Je suis un peu déçu de n’avoir pas eu mon com­post en 18 jours comme ‘à la TV’. Je vois que le fu­mier et le foin se sont bien dé­com­po­sés. En re­vanche la paille a l’air d’être tou­jours qua­si­ment in­tacte. Et pour­tant j’avais pris de la paille qui avait déjà bien vécu, j’avais passé pas mal de temps à la dé­cou­per en mor­ceaux plus courts (genre 20cm pour fa­ci­li­ter le re­tour­ne­ment et hâ­ter la dé­com­po­si­tion) avec une ci­saille à haie …

Une tech­nique spor­tive mais instructive

Pour le fun, j’essaierai de re­faire du com­post en 18 jours, mais sans paille, en n’y met­tant que du foin et des feuilles mortes (et du fumier).

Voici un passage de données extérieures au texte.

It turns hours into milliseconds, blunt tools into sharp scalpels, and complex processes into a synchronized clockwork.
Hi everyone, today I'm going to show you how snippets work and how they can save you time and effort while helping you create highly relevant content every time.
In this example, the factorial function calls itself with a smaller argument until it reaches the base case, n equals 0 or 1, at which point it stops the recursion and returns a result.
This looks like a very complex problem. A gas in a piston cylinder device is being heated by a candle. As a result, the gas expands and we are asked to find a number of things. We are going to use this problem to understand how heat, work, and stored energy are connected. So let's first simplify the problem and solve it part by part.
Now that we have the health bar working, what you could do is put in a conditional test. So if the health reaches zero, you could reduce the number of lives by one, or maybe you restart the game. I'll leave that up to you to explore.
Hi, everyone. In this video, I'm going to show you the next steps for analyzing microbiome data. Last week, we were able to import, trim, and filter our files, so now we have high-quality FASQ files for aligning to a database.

Cela dit, je ne re­fe­rai pas du com­post comme ça tous les jours. Comme j’y passe un bon quart d’heure pour le re­tour­ner à chaque fois, ça fait quand même cher à l’arrivée. L’expérience est en re­vanche très ins­truc­tive car en ve­nant re­tour­ner le tas fré­quem­ment, on s’imprègne de la psy­cho­lo­gie du com­post : ses odeurs, ses hu­meurs, ses bouf­fées de cha­leur et ses coups de froid.

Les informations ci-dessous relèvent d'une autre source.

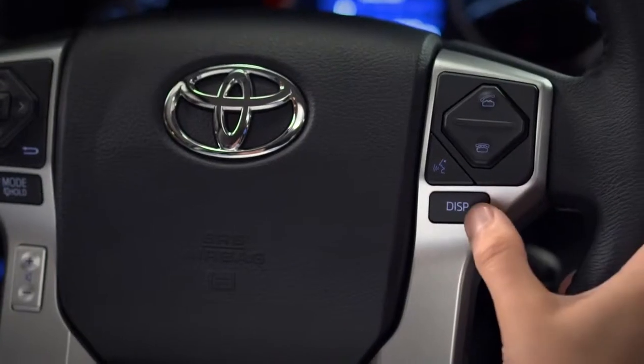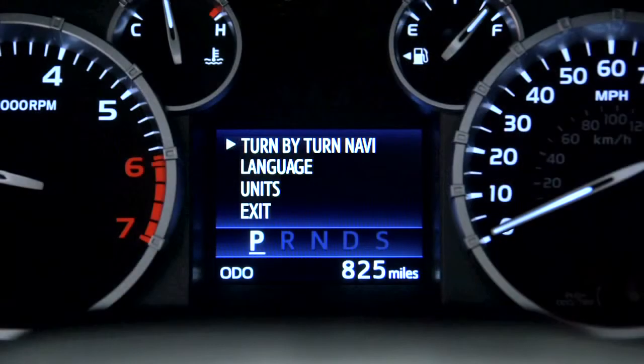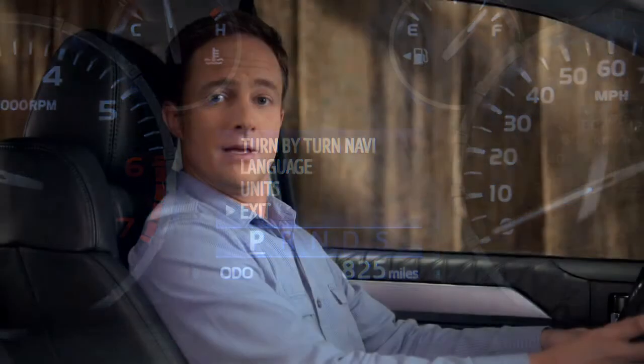Then press and release the button to step through the list. You can select either Turn-by-Turn Navigation, Language, Units, or Exit. Press and hold to select the highlighted item.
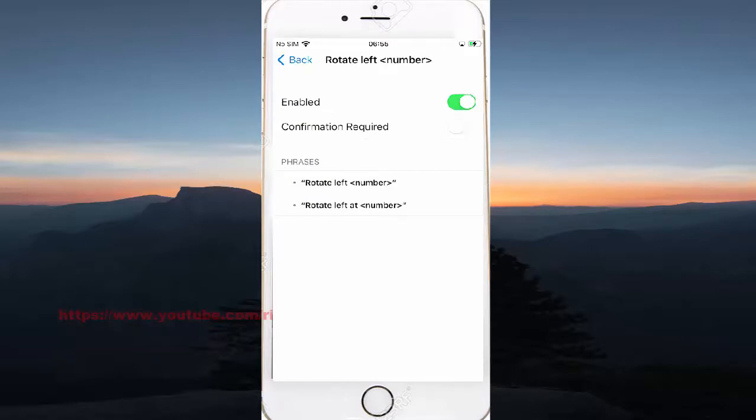Enable the command by toggling it on. Scroll down if needed and enable Confirmation Required for the command.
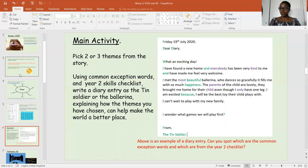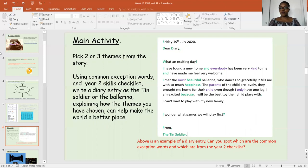The main activity for today is to pick two or three themes from the story, using the common exception words as your main skill of the day and looking at your Year Two checklist. I'd like you to write a diary entry as either the tin soldier or the ballerina — it's completely up to you. Explain how the themes you've chosen can help make the world a better place. Here is an example we wrote earlier: 'Dear Diary, what an exciting day! I have found a new home and everybody has been very kind and made me feel very welcome. I met the most beautiful ballerina who dances so gracefully — it fills me with so much happiness. The parents of the child are lovely; they brought me home for their child even though I only have one leg. I'm excited because I'll be the best toy their child plays with. I can't wait to play with my new family. I wonder what games we will play first. From the tin soldier.'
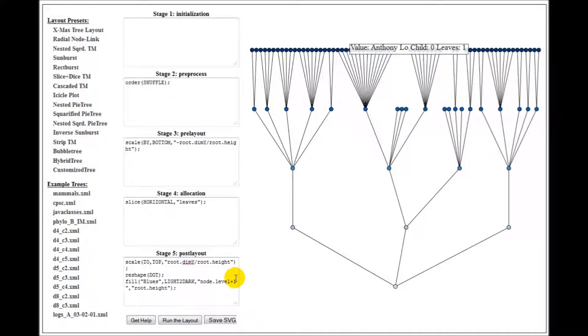Hello, everyone. Today I'll be showing you a demo of the Tree Visualization API that I have co-developed as part of my master's thesis.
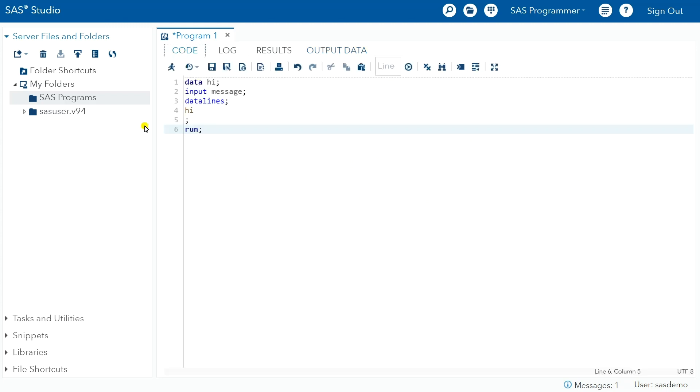So this interface is a little bit different than if you've programmed in a base SAS or an enterprise guide, or if you've written some custom code in some of the other SAS products. This interface is a little bit different, but it has all of the same features that you would be looking for.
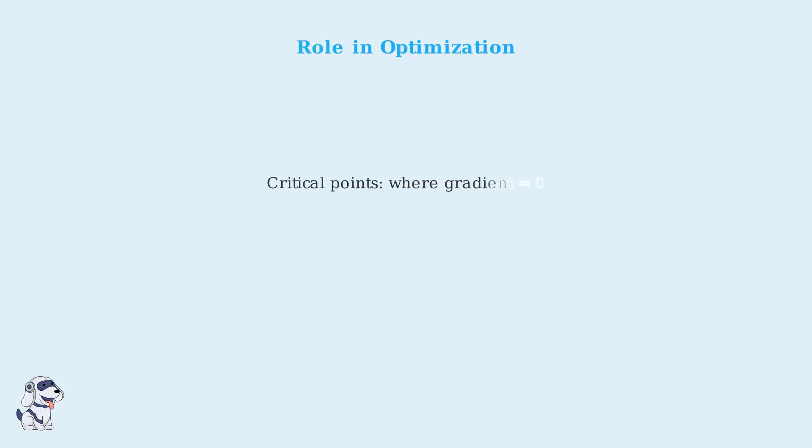In optimization, the Hessian matrix plays a crucial role in identifying and classifying critical points. Critical points occur where the gradient is zero, meaning all first-order partial derivatives equal zero. The Hessian helps us determine the nature of these critical points.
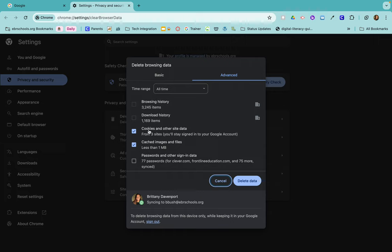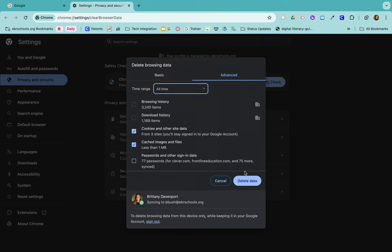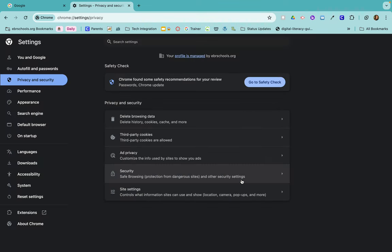From here, make sure that cookies and other site data and cached images and files are selected. You can also change the time range of how long you want to clear those cookies and cache. Then click delete data, and it will be cleared.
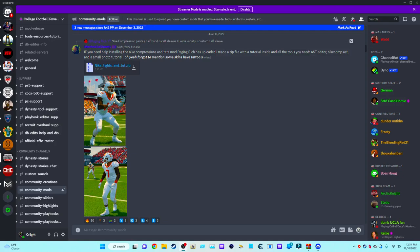Alright guys, welcome to the how-to video. As you can see on screen, this is how to install the tattoos for NCAA revamp. This is from the Discord College Football Revamp, going back to June 13th of this year when this person created the mod.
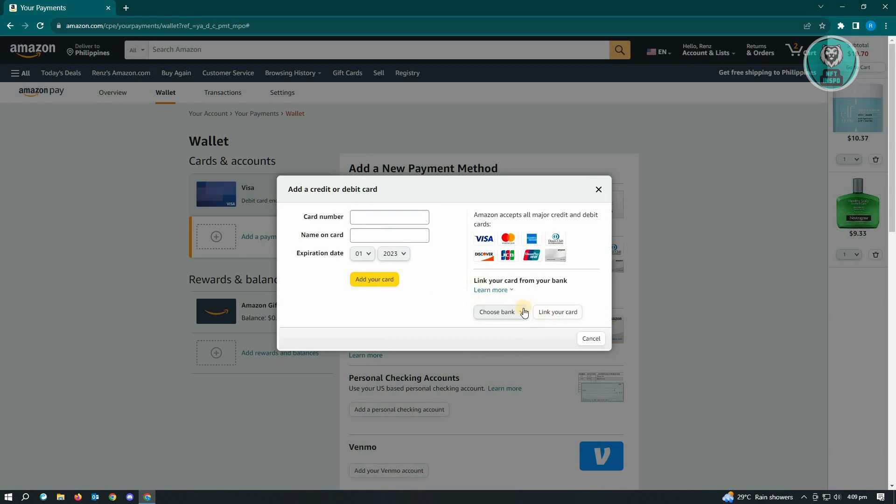Once you've added your card here, you can start using this one to deduct your fees for your subscription, and this issue will no longer appear on your account.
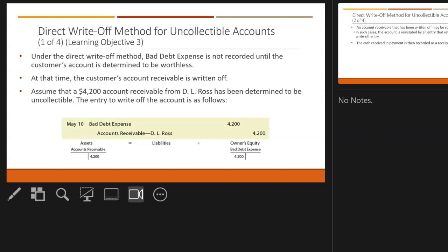There are a couple of methods to write off when clients won't pay their bills. The easiest method is called the direct write-off method. This is the easiest method, but it's not GAAP approved — not generally accepted accounting principles. Under the direct method, bad debt expense is not recorded until the customer's account is determined to be worthless. For example, if D.L. Ross has an accounts receivable of $4,200 and we've decided he's not going to pay his bill, at that time we debit bad debt expense and credit his accounts receivable for $4,200.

Je pense que je re­fe­rai de temps en temps du com­post à chaud, en par­ti­cu­lier pour y mettre les dé­chets de mau­vaises herbes si elles sont en graines. Mais je ne cher­che­rai pas à le faire en 18 jours, et je ne le re­tour­ne­rai pro­ba­ble­ment que toutes les semaines.

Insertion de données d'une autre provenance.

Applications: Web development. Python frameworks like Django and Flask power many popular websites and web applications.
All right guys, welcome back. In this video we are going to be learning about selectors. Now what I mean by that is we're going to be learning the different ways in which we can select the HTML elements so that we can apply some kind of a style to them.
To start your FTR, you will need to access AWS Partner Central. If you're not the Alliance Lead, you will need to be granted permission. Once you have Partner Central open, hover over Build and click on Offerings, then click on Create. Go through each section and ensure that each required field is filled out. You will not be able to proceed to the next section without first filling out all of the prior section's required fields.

J’ai donc main­te­nant à ma dis­po­si­tion une tech­nique sup­plé­men­taire de com­pos­tage, ce qui com­plète ma liste, par ordre crois­sant de tech­ni­cité et d’efforts :

  • com­pos­tage de sur­face (on laisse les dé­chets en sur­face, sous le paillage, ou comme paillage) — c’est le plus simple, le plus na­tu­rel, mais ça at­tire les limaces
  • com­pos­tage ‘tout-venant’ à froid, dans un bac ou mieux : dans un jar­din ‘key­hole’. Le com­post est na­tu­rel­le­ment in­cor­poré à la terre de culture, les nu­tri­ments re­tournent di­rec­te­ment dans le circuit
  • com­pos­tage à froid, en tas, en vé­ri­fiant va­gue­ment la bonne pro­por­tion des in­gré­dients — on laisse re­po­ser un an ou deux
  • com­pos­tage en couches, pour pré­pa­rer une planche de culture sans avoir à désherber
  • com­pos­tage ‘tiède’, en tas, avec les bonnes pro­por­tions et re­tour­ne­ment périodique
  • com­pos­tage à chaud, en tas, avec re­tour­ne­ments fréquents

et les va­riantes que je pour­rais tes­ter un jour :

Ceci prouve bien que quand vous li­sez un fas­ci­cule ou une page web sur ‘le com­pos­tage’, il ne s’agit en fait que d’un type com­pos­tage parmi une foul­ti­tude et que se­lon ce qu’on veut faire, on peut re­la­ti­vi­ser une par­tie des conseils qu’on y trouve.